Since I wasted away my late teenage years at Auld Reekie’s major seat of learning, I’ve never been back to the Scottish capital. A combination of being a lousy student, plus having a grant so minuscule it compelled me to live on smoked sausage suppers (one of the capital’s more recherché culinary specialities) and ‘Carlsberg Special With a Vodka In It’, left me with less-than-happy memories. Nor, back then, was Edinburgh big on the kind of thing that might appeal to the trainee sybarite. Little wonder I spent so much time huddling in gorgeous Edwardian pubs against the biting East Coast wind.

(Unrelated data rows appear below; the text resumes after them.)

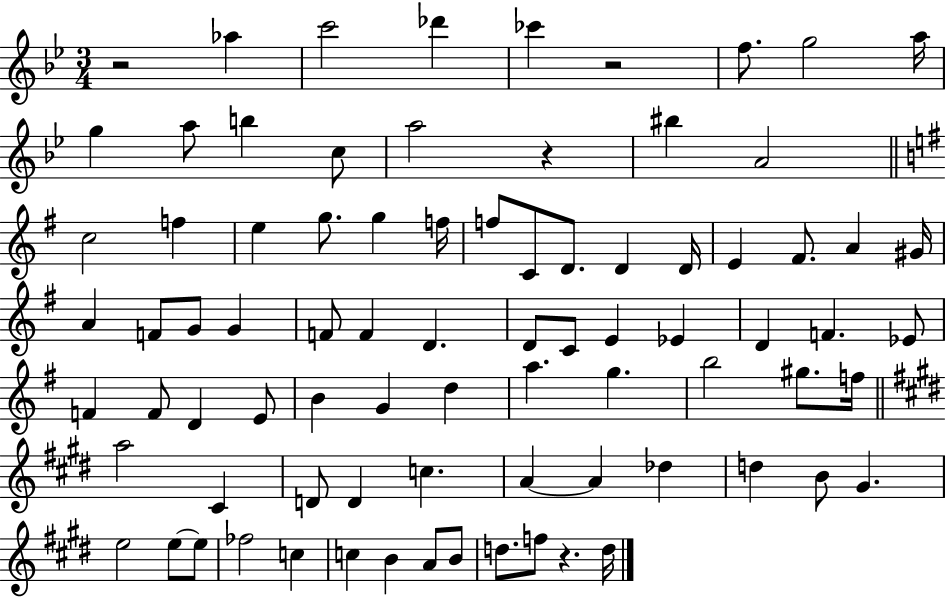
X:1
T:Untitled
M:3/4
L:1/4
K:Bb
z2 _a c'2 _d' _c' z2 f/2 g2 a/4 g a/2 b c/2 a2 z ^b A2 c2 f e g/2 g f/4 f/2 C/2 D/2 D D/4 E ^F/2 A ^G/4 A F/2 G/2 G F/2 F D D/2 C/2 E _E D F _E/2 F F/2 D E/2 B G d a g b2 ^g/2 f/4 a2 ^C D/2 D c A A _d d B/2 ^G e2 e/2 e/2 _f2 c c B A/2 B/2 d/2 f/2 z d/4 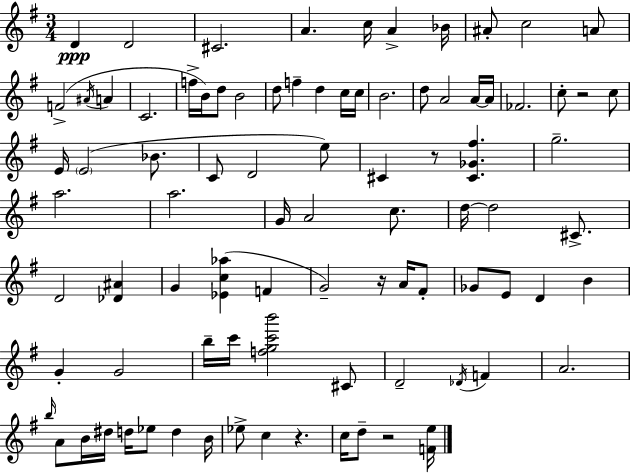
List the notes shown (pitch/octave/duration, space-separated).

D4/q D4/h C#4/h. A4/q. C5/s A4/q Bb4/s A#4/e C5/h A4/e F4/h A#4/s A4/q C4/h. F5/s B4/s D5/e B4/h D5/e F5/q D5/q C5/s C5/s B4/h. D5/e A4/h A4/s A4/s FES4/h. C5/e R/h C5/e E4/s E4/h Bb4/e. C4/e D4/h E5/e C#4/q R/e [C#4,Gb4,F#5]/q. G5/h. A5/h. A5/h. G4/s A4/h C5/e. D5/s D5/h C#4/e. D4/h [Db4,A#4]/q G4/q [Eb4,C5,Ab5]/q F4/q G4/h R/s A4/s F#4/e Gb4/e E4/e D4/q B4/q G4/q G4/h B5/s C6/s [F5,G5,C6,B6]/h C#4/e D4/h Db4/s F4/q A4/h. B5/s A4/e B4/s D#5/s D5/s Eb5/e D5/q B4/s Eb5/e C5/q R/q. C5/s D5/e R/h [F4,E5]/s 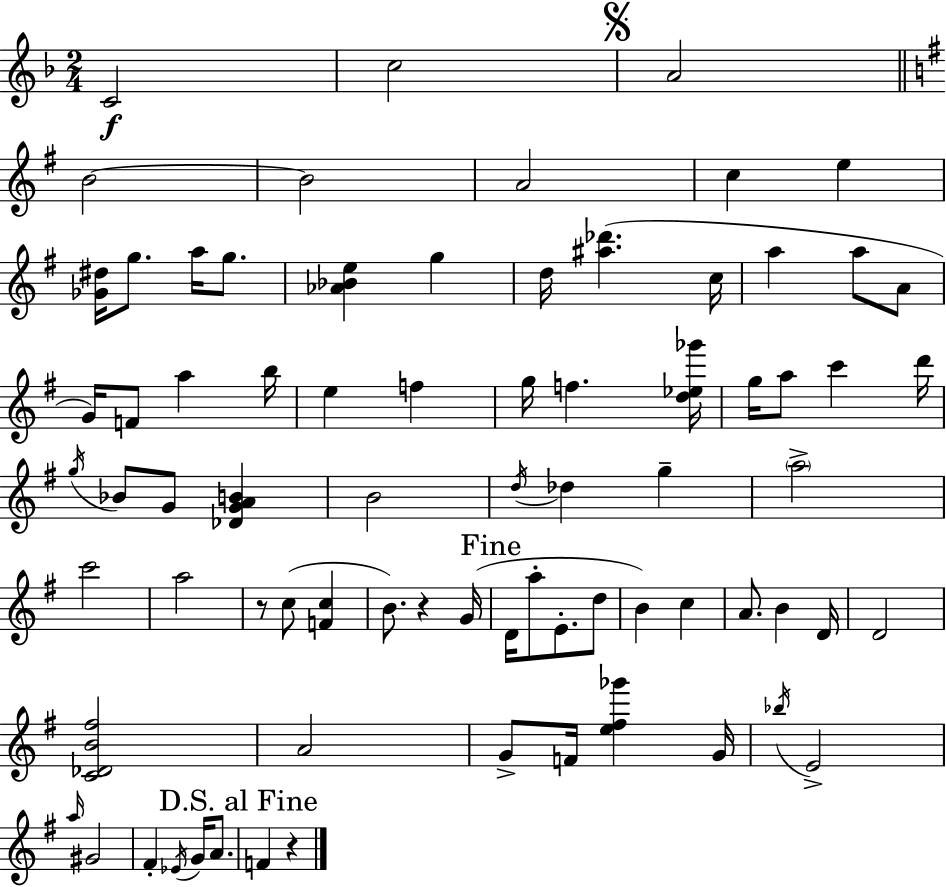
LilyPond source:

{
  \clef treble
  \numericTimeSignature
  \time 2/4
  \key d \minor
  \repeat volta 2 { c'2\f | c''2 | \mark \markup { \musicglyph "scripts.segno" } a'2 | \bar "||" \break \key g \major b'2~~ | b'2 | a'2 | c''4 e''4 | \break <ges' dis''>16 g''8. a''16 g''8. | <aes' bes' e''>4 g''4 | d''16 <ais'' des'''>4.( c''16 | a''4 a''8 a'8 | \break g'16) f'8 a''4 b''16 | e''4 f''4 | g''16 f''4. <d'' ees'' ges'''>16 | g''16 a''8 c'''4 d'''16 | \break \acciaccatura { g''16 } bes'8 g'8 <des' g' a' b'>4 | b'2 | \acciaccatura { d''16 } des''4 g''4-- | \parenthesize a''2-> | \break c'''2 | a''2 | r8 c''8( <f' c''>4 | b'8.) r4 | \break g'16( \mark "Fine" d'16 a''8-. e'8.-. | d''8 b'4) c''4 | a'8. b'4 | d'16 d'2 | \break <c' des' b' fis''>2 | a'2 | g'8-> f'16 <e'' fis'' ges'''>4 | g'16 \acciaccatura { bes''16 } e'2-> | \break \grace { a''16 } gis'2 | fis'4-. | \acciaccatura { ees'16 } g'16 a'8. \mark "D.S. al Fine" f'4 | r4 } \bar "|."
} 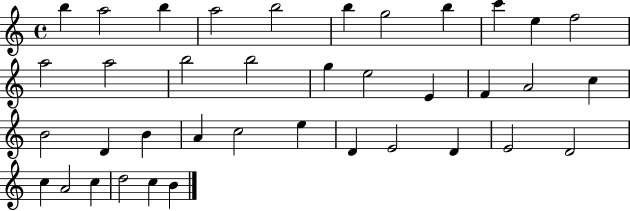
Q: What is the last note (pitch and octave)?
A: B4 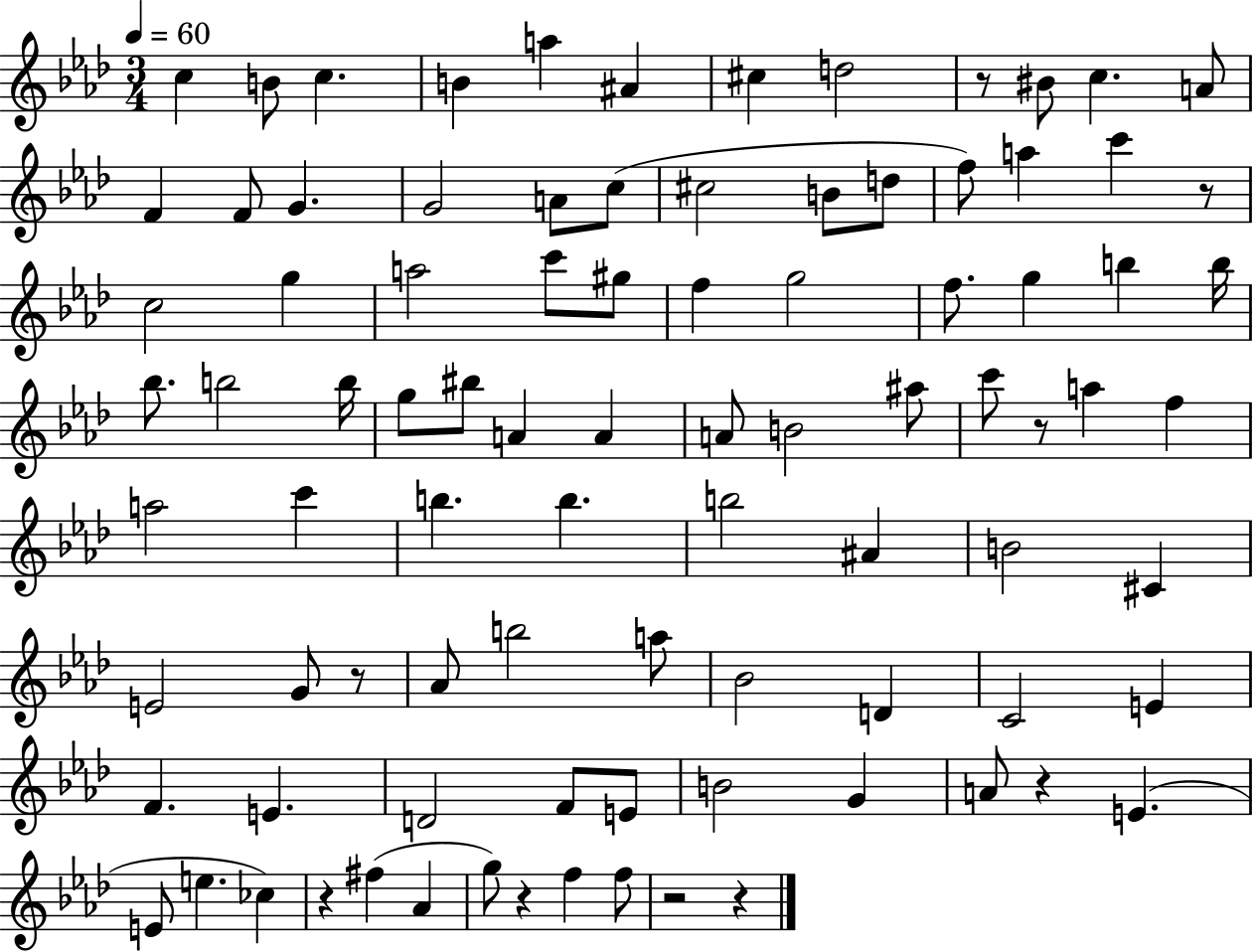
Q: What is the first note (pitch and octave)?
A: C5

But my, how things have changed. Edinburgh now boasts the greatest number of Michelin-starred restaurants in the UK outside London. And one of them, the quirkily monikered 21212, offers the ideal excuse to go back. A certifiably insane taxi driver drops us at a perfect example of Edinburgh’s legendary Georgian architecture, a towering townhouse, all impossibly lofty ceilings, sweeping staircase (complete with original butlers trays) and stunning windows.

My Mr Smith is utterly smitten, not only with our restaurant with rooms, but with Edinburgh in general. If he says, ‘This has to be Britain’s most beautiful city,’ just once more, any romantic notions might be severely dashed. Which at 21212 would be an enormous shame. From the giant Caravaggio mural in the ‘pod’ in which we take our breakfast – as remarkable as everything else: eggs turned into Mirò paintings with slicks of herb and jewels of Bayonne ham; locally smoked salmon generously strewn with caviar – to the vast, snowy linened bed, this a scene perfectly designed for seduction.
Our hosts are chef Paul Kitching and his partner Katie O’Brien, the former creating some kind of crazy chemistry in the restaurant’s open kitchen, the latter charming us to pieces on reception or serving breakfast. We’re in room 1, up a staircase carpeted in arresting thistle-and-moth patterned carpets from Glaswegian designer duo, Timorous Beasties. Our windows look out over greenery to the distant Firth of Forth; a huge, crisp-sheeted bed lolls on a curtained platform; there’s a large but discreet plasma-screen TV, a soft, nubbly sofa to collapse into, and masses of glossy, foodie-focused goodies to read. A lovely touch is a vintage decanter of port. Nightcaps, ahoy.

As for the huge bathroom, it is rather like having our own personal spa. A vast shower offers gusts of high-pressure water; an egg-shaped bath is most glamorous and comes complete with floor-set uplighters for creating a special bathtime mood; there are Noble Isle products on tap. And what’s this – underfloor heating? The toastiest toes, guaranteed, even in the depths of a Scottish winter: bliss.
The hotel is right next door to Calton Hill, a steep stagger up for an astonishing view of the city. And down the swoop of Leith Walk lie the bars and restaurant of the old docks. We take a walk down to the vaguely bonkers new Scottish Parliament building. Then it’s up the Royal Mile, along with every other tourist in town, to the Castle... Although, alas, we don’t quite make it.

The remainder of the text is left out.